Sent from my HTC One using Tapatalk 2


----------



## ncktuley94 (Jul 15, 2013)

Do you still have the light switch and the hazard triangle cover on the hatch?


----------



## sohnnydamuz (Jul 17, 2013)

yes i do whats your offer no low ball offers please... these are oem parts

Sent from my HTC One using Tapatalk 2


----------



## aalphashark (Jan 16, 2003)

*Hi, still have parts?*

Hi, still have parts? I just bought an '01 and could use a few.


----------



## sohnnydamuz (Jul 17, 2013)

yupp

Sent from my HTC One using Tapatalk 2


----------



## aalphashark (Jan 16, 2003)

Well, for starters I need a pull out cargo cover black?


----------



## sohnnydamuz (Jul 17, 2013)

pull outcargo cover they come with that? 

Sent from my HTC One using Tapatalk 2


----------



## sohnnydamuz (Jul 17, 2013)

i have the pull out screen for the back door but no pull out cargo cover... 

Sent from my HTC One using Tapatalk 2


----------



## sohnnydamuz (Jul 17, 2013)

guys i still have the wheels woth really good tires on them if youre in the dallas area i will take $900 for all four with tires... rims alone used on wheel warehouse are $350 a piece 

Sent from my HTC One using Tapatalk 2


----------



## yellorado (Oct 8, 2001)

if the suspension was in good working condition when you got hit, i need the compressor and valve block from underneath the car... and the driver front wheel height sensor.

thanks


----------



## sohnnydamuz (Jul 17, 2013)

yeah car was converted to a6 shocks all the module in the back is the only thing that works right... 

Sent from my HTC One using Tapatalk 2


----------



## nathan66669 (Oct 10, 2013)

*still have car?*

I just bought my 2002 allroad litteraly yesterday.
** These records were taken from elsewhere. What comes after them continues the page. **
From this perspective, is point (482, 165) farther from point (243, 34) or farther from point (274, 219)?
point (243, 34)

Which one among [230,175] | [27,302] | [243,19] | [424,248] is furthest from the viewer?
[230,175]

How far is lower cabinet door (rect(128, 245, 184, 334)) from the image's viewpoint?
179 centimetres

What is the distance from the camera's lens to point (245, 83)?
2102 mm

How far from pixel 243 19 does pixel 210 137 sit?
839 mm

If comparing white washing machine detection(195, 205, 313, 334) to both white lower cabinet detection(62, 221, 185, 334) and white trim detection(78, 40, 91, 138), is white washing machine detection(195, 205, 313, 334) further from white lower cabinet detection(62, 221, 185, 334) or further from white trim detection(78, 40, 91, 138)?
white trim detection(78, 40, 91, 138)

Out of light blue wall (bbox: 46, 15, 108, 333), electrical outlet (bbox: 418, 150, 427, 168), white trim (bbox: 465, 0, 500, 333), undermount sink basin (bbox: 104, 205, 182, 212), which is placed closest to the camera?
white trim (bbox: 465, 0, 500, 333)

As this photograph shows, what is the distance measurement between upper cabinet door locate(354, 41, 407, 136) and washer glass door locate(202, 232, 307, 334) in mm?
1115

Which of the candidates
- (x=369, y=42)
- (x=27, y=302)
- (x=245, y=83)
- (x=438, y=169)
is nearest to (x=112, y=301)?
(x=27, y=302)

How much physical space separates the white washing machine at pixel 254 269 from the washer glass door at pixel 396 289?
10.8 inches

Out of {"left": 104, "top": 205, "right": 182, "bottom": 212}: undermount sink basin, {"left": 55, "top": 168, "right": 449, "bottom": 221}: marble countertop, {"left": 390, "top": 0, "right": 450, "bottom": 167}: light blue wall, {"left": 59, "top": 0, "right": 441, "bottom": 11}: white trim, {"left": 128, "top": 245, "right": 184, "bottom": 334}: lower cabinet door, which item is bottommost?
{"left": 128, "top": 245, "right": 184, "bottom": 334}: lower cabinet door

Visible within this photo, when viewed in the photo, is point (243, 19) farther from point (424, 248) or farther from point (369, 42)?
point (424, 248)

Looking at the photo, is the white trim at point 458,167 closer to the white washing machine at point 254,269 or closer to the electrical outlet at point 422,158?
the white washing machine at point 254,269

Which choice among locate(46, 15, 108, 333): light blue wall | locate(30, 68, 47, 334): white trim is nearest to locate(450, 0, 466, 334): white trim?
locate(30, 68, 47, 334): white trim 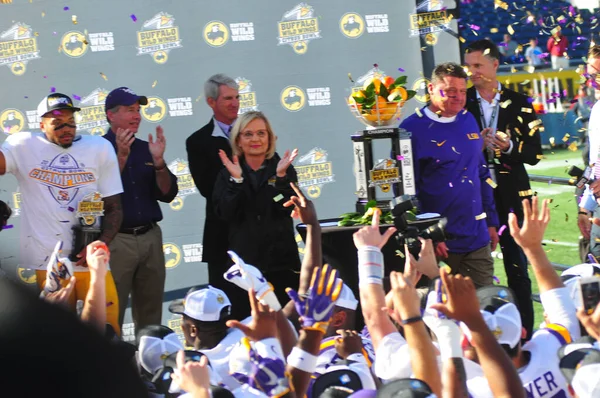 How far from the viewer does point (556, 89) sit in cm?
2088

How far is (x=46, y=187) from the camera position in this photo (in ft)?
18.2

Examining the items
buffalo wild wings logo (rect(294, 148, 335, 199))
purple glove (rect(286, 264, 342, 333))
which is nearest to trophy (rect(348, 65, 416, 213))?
buffalo wild wings logo (rect(294, 148, 335, 199))

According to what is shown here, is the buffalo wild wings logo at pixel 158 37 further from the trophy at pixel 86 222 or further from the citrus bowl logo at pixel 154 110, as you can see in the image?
the trophy at pixel 86 222

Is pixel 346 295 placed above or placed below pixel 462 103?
below

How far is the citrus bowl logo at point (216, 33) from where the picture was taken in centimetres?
746

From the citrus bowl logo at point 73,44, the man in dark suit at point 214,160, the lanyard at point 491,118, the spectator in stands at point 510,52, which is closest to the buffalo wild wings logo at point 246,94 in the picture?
the man in dark suit at point 214,160

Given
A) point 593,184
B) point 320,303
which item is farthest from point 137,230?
point 320,303

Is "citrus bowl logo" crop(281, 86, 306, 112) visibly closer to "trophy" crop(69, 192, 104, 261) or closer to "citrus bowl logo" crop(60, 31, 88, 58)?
"citrus bowl logo" crop(60, 31, 88, 58)

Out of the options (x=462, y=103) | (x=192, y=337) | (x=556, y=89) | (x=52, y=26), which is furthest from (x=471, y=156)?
(x=556, y=89)

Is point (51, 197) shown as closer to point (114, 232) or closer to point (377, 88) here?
point (114, 232)

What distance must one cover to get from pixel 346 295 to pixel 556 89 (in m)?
17.5

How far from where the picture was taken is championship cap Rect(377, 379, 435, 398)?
245 cm

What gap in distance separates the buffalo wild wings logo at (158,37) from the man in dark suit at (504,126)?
94.3 inches

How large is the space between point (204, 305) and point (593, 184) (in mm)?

I need an owners manual haha. Also, mine has a menu button and control knob right below the window switch in the center console. They seem impossible to find anywhere. Also looking for a new headlamp control since this one all the black is worn off it.


----------



## SGLoki (Dec 12, 2004)

How much for one of the pre cat o2 sensors and the secondary air pump?


----------



## npace (Sep 3, 2012)

Fenders still for sale? Really, I want the plastic peices so I can modify them to make my own "OEM plus" widebody and get some fat wheels and tires. If so, lmk how much, thanks.


----------



## sohnnydamuz (Jul 17, 2013)

it has been sold... the whole car

Sent from my HTC One using Tapatalk


----------